A empresa fica oito, nove, dez horas falando do lado daquele trabalhador o tempo todo, ele está no universo daquela empresa, e muitas vezes o sindicato está sempre do lado de fora da empresa. Então o sindicato estar para dentro das empresas é algo bastante importante. Onde você tem sindicalismo forte, de alguma forma o sindicalismo avançou nisso: na representação do local de trabalho.

 

Você precisa ter alguns movimentos, uma aproximação mais efetiva por dentro da própria empresa, do próprio local de trabalho. Um caminho bastante importante de conscientização e formação desse trabalhador.
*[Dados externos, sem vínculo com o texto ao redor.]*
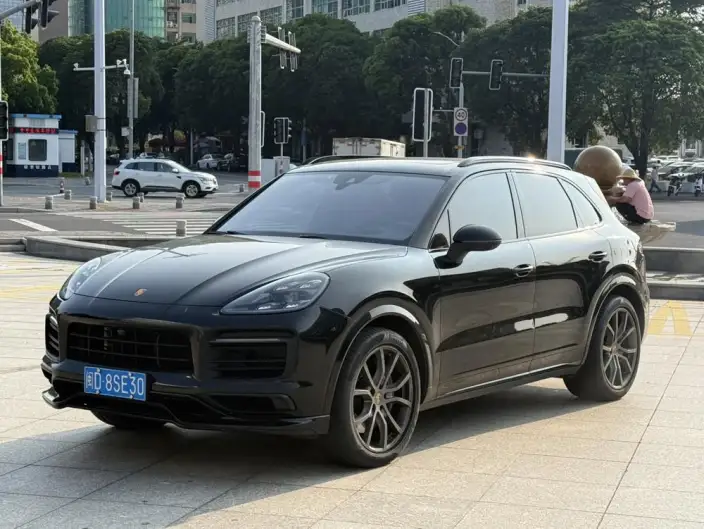 Cayenne 2023 Model Cayenne S 2.9T Platinum edition – фото 1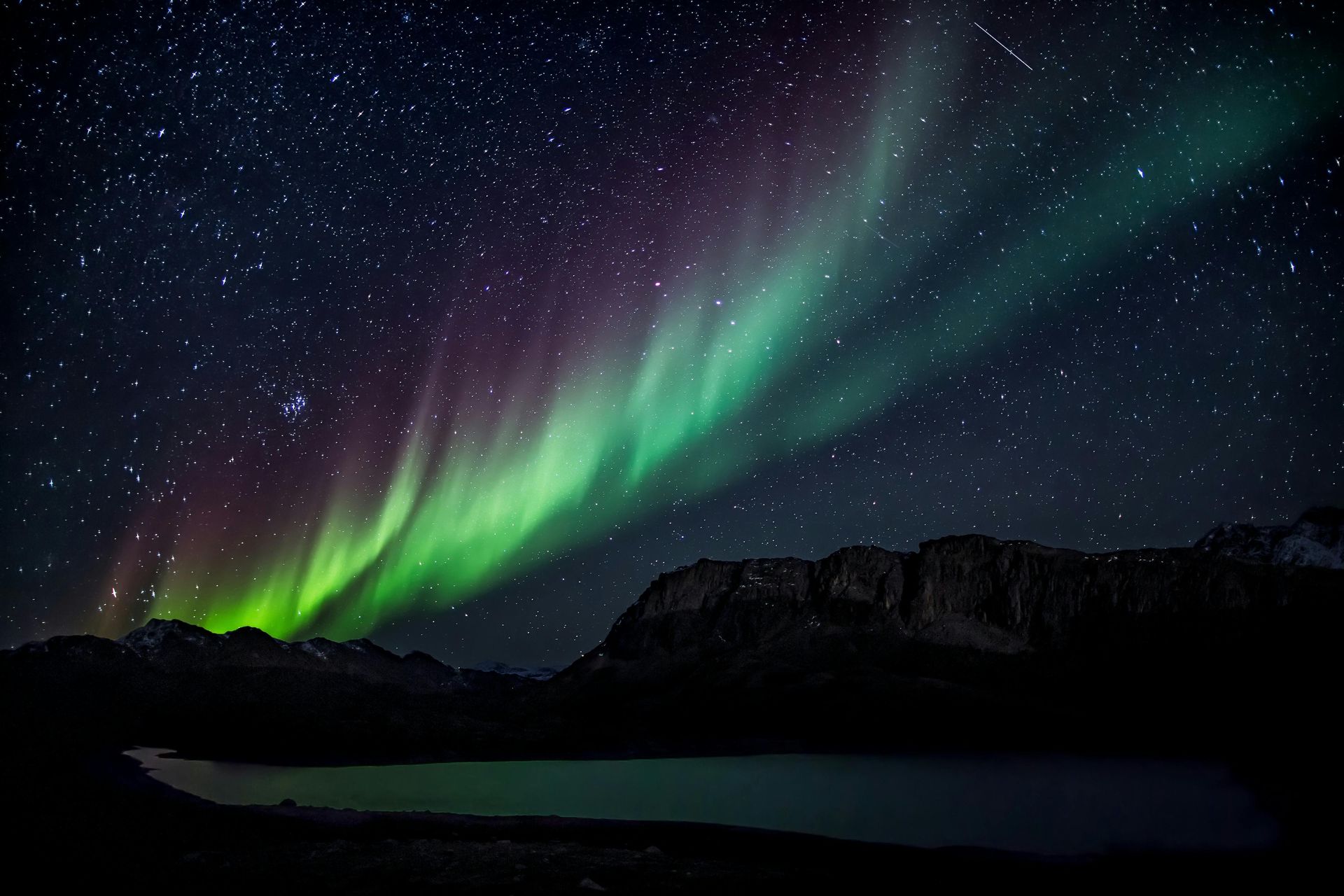 Northern Lights over Iceland – example of sustainable fantasy travel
Agora, é claro: outros caminhos de comunicação com o conjunto dos trabalhadores são fundamentais para esclarecer.

 

É interessante porque muitas vezes, não é que o trabalhador não saiba a importância do sindicato, porque quando ele perde o emprego, quando ele é perseguido no posto de trabalho e etc, ele vai procurar seu sindicato. O que a gente precisa, também, é uma uma consciência de que o sindicato é o próprio trabalhador. Não existe sindicato sem o trabalhador. Então o financiamento do trabalhador para aquela entidade tem a ver com algo que ele está financiando que é dele mesmo.

 

Essa sensação de pertencimento do trabalhador à entidade sindical, dele ser “dono” da entidade sindical, é algo que o movimento sindical brasileiro ainda precisa avançar. Já foi mais, em períodos anteriores, hoje é menos, até porque essa hegemonia do pensamento liberal, do pensamento neoliberal, da individualização das pessoas, influenciando muito nessa visão, mas de alguma forma o movimento sindical precisa avançar para essa consciência coletiva que precisa ser estabelecida.